WHAT TO PRODUCE:
The output is the lines below from the one with "Modern Side Table" through the one with "Men Plus Size", both included, printed exactly and with no other line.

Records from a dataset:

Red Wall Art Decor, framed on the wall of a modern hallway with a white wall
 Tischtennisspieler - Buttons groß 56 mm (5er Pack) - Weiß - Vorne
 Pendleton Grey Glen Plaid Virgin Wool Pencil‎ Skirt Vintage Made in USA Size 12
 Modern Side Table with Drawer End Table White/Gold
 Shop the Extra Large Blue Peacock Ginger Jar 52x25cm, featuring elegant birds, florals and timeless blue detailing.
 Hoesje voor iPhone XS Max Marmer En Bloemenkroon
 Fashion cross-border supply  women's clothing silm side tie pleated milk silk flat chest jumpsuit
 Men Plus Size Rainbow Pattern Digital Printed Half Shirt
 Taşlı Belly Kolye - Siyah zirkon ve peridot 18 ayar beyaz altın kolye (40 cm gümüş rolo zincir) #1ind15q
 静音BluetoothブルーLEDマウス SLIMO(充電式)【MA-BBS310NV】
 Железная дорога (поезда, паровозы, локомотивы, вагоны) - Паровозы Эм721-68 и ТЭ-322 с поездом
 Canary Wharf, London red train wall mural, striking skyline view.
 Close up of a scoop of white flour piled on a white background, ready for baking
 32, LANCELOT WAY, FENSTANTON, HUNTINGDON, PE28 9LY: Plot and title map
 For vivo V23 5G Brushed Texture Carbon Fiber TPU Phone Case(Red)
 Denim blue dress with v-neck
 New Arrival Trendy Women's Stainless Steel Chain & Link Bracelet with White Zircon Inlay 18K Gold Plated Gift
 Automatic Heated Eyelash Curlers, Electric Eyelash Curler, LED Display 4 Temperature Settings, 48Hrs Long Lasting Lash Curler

RESPONSE:
 Modern Side Table with Drawer End Table White/Gold
 Shop the Extra Large Blue Peacock Ginger Jar 52x25cm, featuring elegant birds, florals and timeless blue detailing.
 Hoesje voor iPhone XS Max Marmer En Bloemenkroon
 Fashion cross-border supply  women's clothing silm side tie pleated milk silk flat chest jumpsuit
 Men Plus Size Rainbow Pattern Digital Printed Half Shirt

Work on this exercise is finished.